Trinidadian Jack Warner, once one of the most powerful men in world soccer, has been banned from all football-related activities for life, the ethics committee of the global governing body FIFA said yesterday.

In the biggest corruption scandal to hit the sport, Warner and 13 other soccer officials and sports marketing executives were indicted in the United States on May 27 on bribery, money laundering and wire fraud charges involving more than $150 million in payments.

Warner was found to have committed “many and various acts of misconduct continuously and repeatedly during his time as an official in different high-ranking and influential positions at FIFA and CONCACAF,” the ethics committee said.

CONCACAF is the governing body for soccer in North and Central America and the Caribbean, which Warner headed from 1990 to 2011.

He also sat on FIFA’s executive committee for 28 years.

“In his positions as a football official, he was a key player in schemes involving the offer, acceptance and receipt of undisclosed and illegal payments, as well as other money-making schemes,” the committee said.

Warner accused FIFA, whose president Sepp Blatter was last week placed under criminal investigation by Swiss authorities, of trying to distract attention from its own problems.

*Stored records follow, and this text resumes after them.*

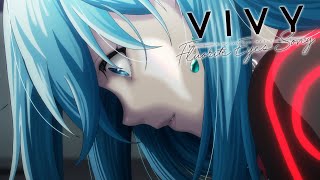 Vivy: Fluorite Eye's Song Episode 9 Insert Song - Harmony of One's Heart (Soundtrack Cover)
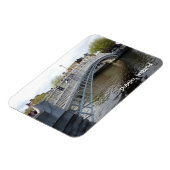 Magnet Flexible Dublin (Ha'penny Bridge) (Côté Gauche)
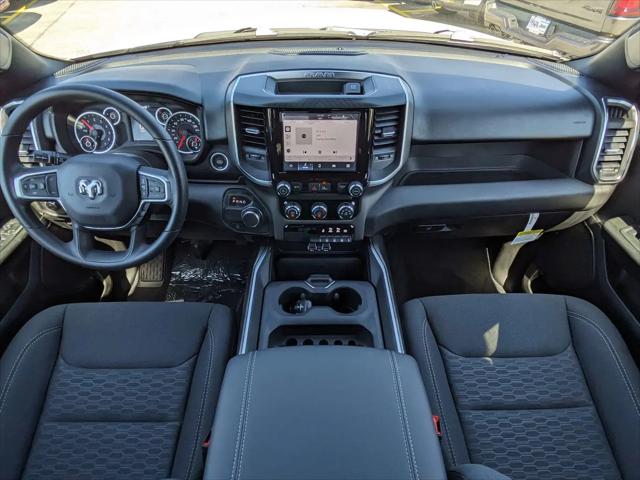 2026 Ram 1500 Big Horn Crew Cab 4x2 57 Box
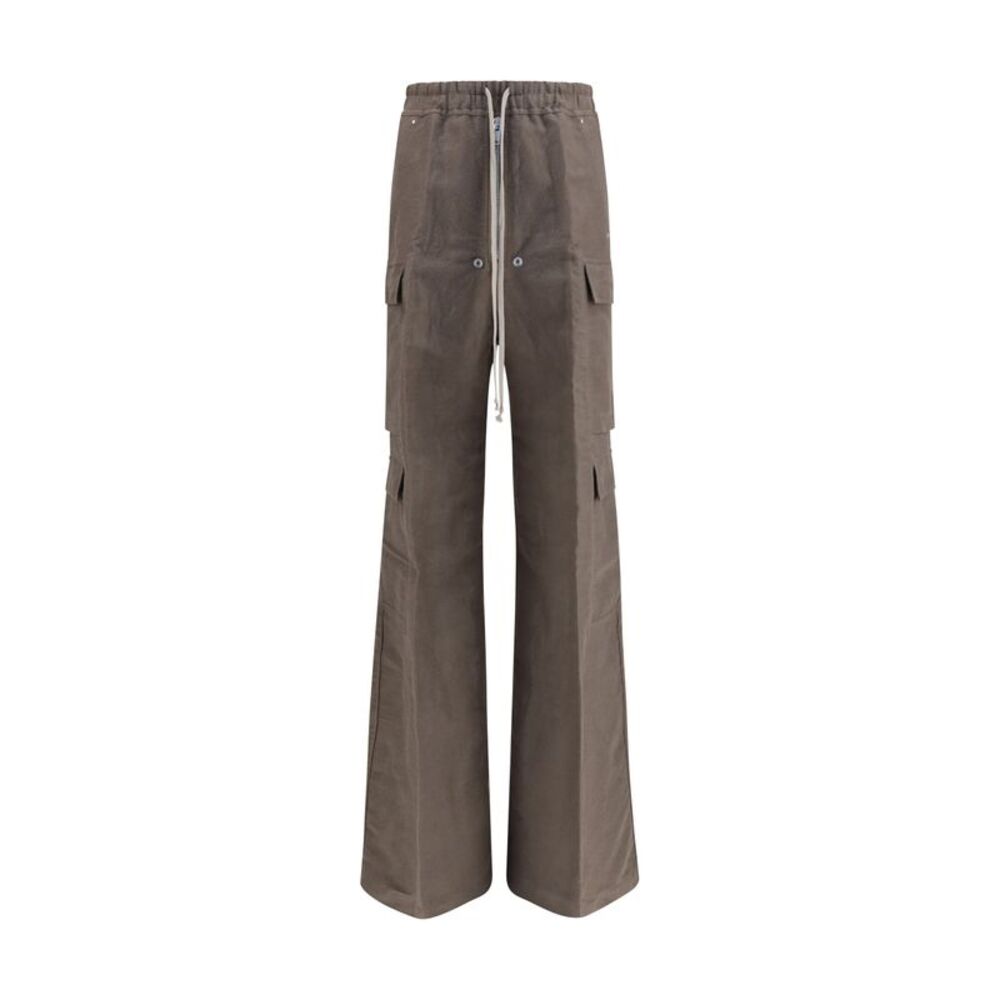 Rick Owens Men Cargobelas Pants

“If FIFA wants to ban me for life without even a hearing, then so be it,” he said in a statement.

“I do not believe, however, that this will serve as the distraction to the FIFA’s present problems as the FIFA wishes it to be.

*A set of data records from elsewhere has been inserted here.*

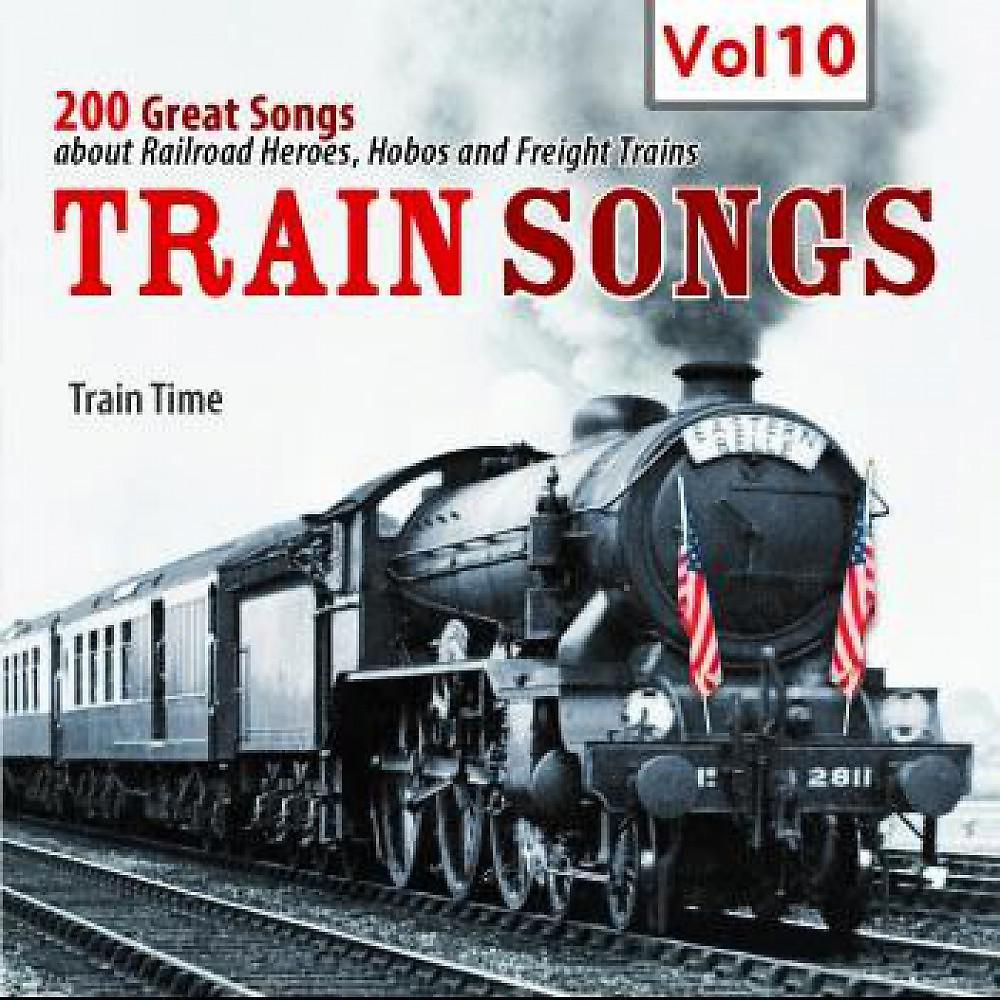 Постер альбома Train-Songs Vol. 10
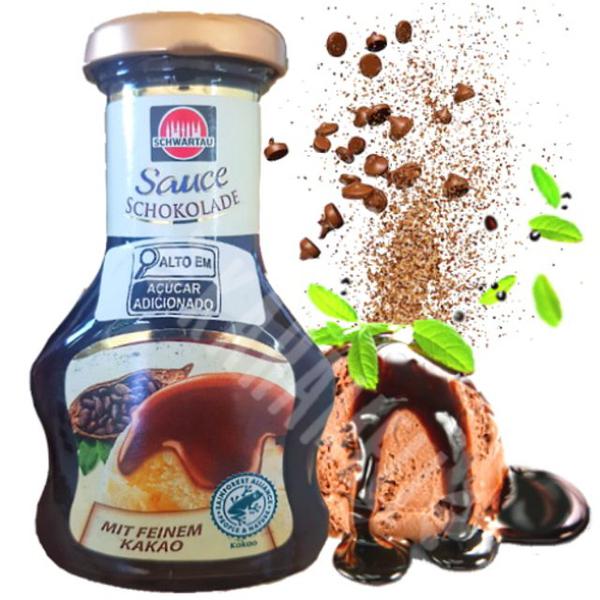 COBERTURA DE CHOCOLATE SCHWARTAU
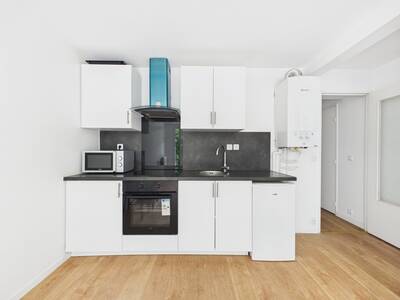 Vente appartement 6 pièces Aulnay-sous-Bois (93600)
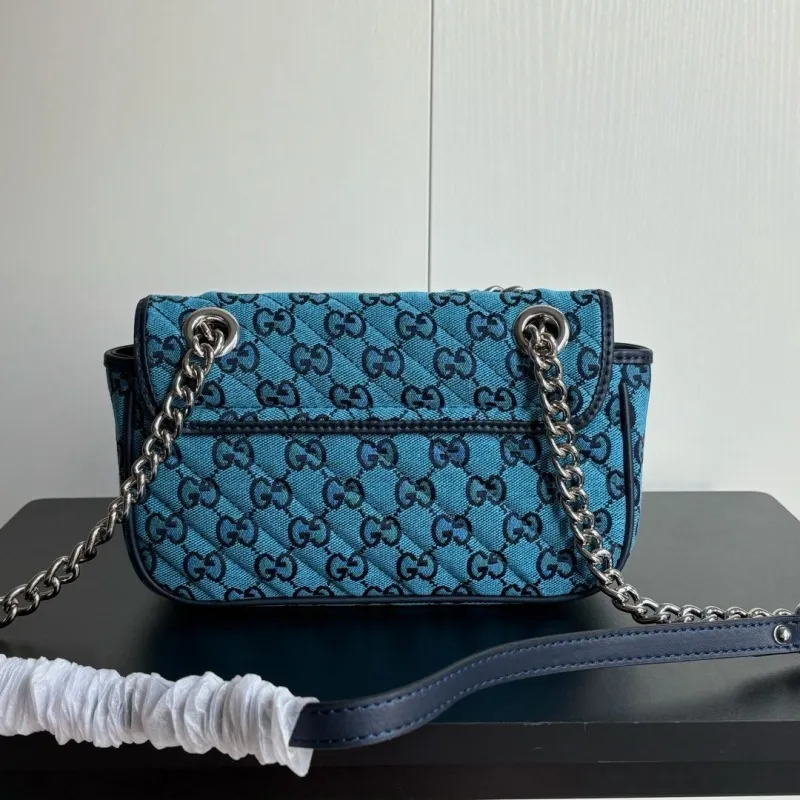 Gucci Satchel Bags-649 - Image 3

“Given what is happening in Zurich with Sepp Blatter, I guess that there is no such thing as a coincidence.”

The ethics committee said Warner was investigated following an inquiry into the bidding process for the 2018 and 2022 World Cups. The tournaments were awarded to Russia and Qatar respectively in December 2010 by the FIFA executive committee, of which he was a member.

Warner was found guilty of violating ethics code articles on general rules of conduct conflicts of interest, the offering and acceptance of gifts and of failing to collaborate with the ethics committee.

Warner is in Trinidad and Tobago, where he is fighting extradition to the United States.